Performance: improving insertion times

by Richard Bair | Sep 15, 2009 | Performance | 10 comments

We’re in the middle of a huge performance push on JavaFX attacking the problem from many different angles. The compiler guys (aka: Really Smart Dudes) are fixing a lot of the long standing problems with binding. The graphics guys (aka: Really Hip Smart Dudes) are engaged in writing our lightweight hardware accelerated backend story. I’m working with Kevin Rushforth and Chien Yang on attacking the performance issues in the JavaFX scenegraph (which in large measure are impacted by the compiler work, so we’re working closely with them).
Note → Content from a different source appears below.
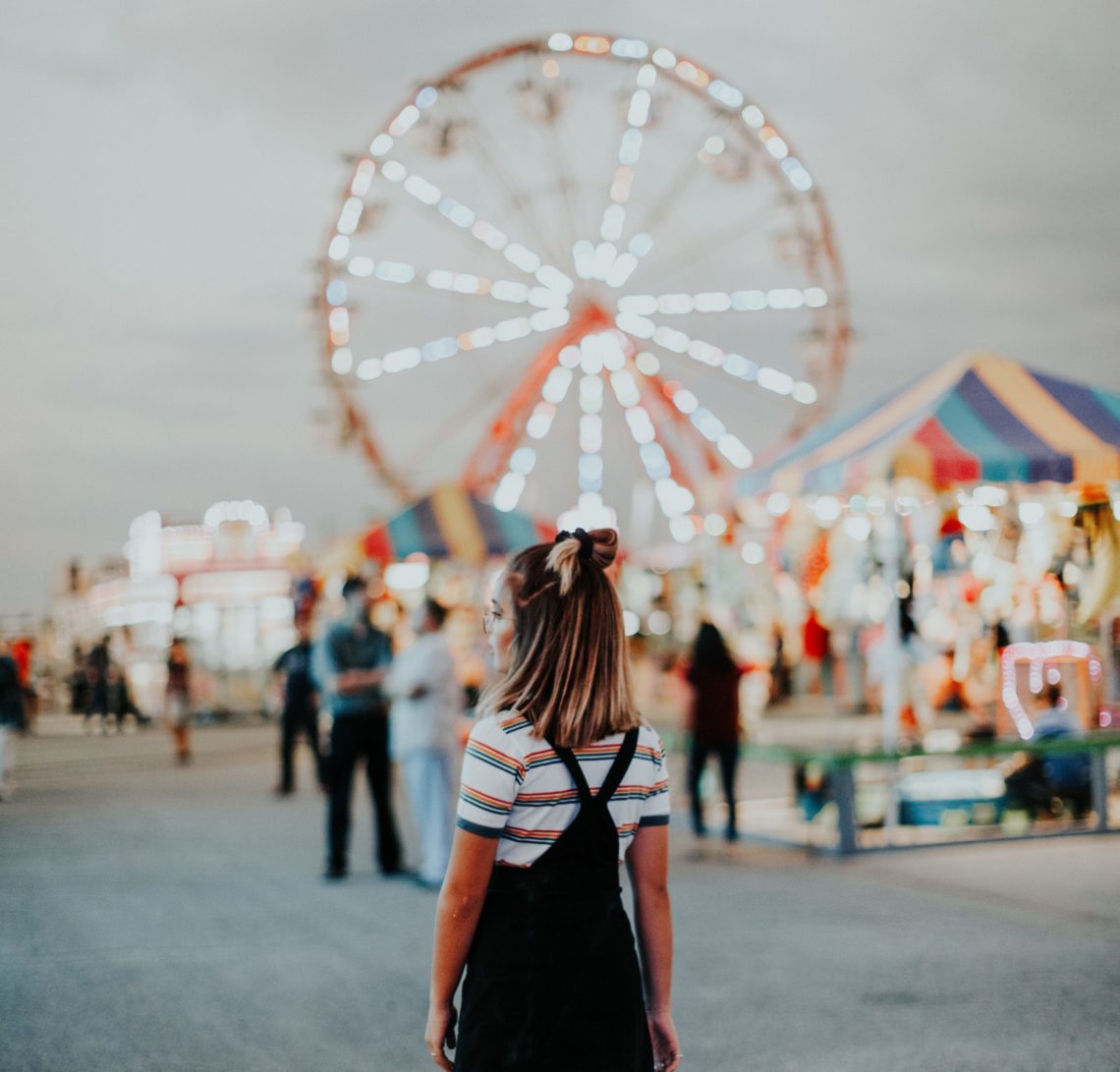 Three encouraging lessons i've learned from doing more by myself | Finding Yourself | Things to Do Alone | Date Yourself | justbeautifullyhonest.com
Today I was dredging up an old issue we’d looked at earlier this year regarding insertion times, and specifically, some really radically bad insertion times into Groups. It turns out to be timely as Simon Brocklehurst was encountering this very issue. This post will go into a bit more depth as to what is currently going on, what we’re doing about it, and some other cool / interesting tidbits.

So first, some code:

java.lang.System.out.print("Creating 100,000 nodes...");
var startTime = java.lang.System.currentTimeMillis();
var nodes = for (i in [0..<100000]) Rectangle { };
var endTime = java.lang.System.currentTimeMillis();
println("took {endTime - startTime}ms");

java.lang.System.out.print("Adding 100,000 nodes to sequence one at a time...");
startTime = java.lang.System.currentTimeMillis();
var seq:Node[];
for (n in nodes) {
    insert n into seq;
}
endTime = java.lang.System.currentTimeMillis();
println("took {endTime - startTime}ms");

java.lang.System.out.print("Adding 100,000 nodes to group one at a time...");
startTime = java.lang.System.currentTimeMillis();
var group = Group { }
for (n in nodes) {
    insert n into group.content;
}
endTime = java.lang.System.currentTimeMillis();
println("took {endTime - startTime}ms");

group.content = [];

java.lang.System.out.print("Adding 100,000 nodes to group all at once...");
startTime = java.lang.System.currentTimeMillis();
var group2 = Group { }
group2.content = nodes;
endTime = java.lang.System.currentTimeMillis();
println("took {endTime - startTime}ms");

In this test we go ahead and create 100,000 nodes (if you run this at home be sure to bump up memory to accommodate — the compiler work going on will make it so this fits in memory but for now we have to increase the heap). We then have 3 tests. The first one adds the nodes, one at a time, to a plain sequence. The second adds the nodes, one at a time, to a Group (and to try to keep things fair, the Group isn’t in a scene). And the third test adds all the nodes to the Group in one go.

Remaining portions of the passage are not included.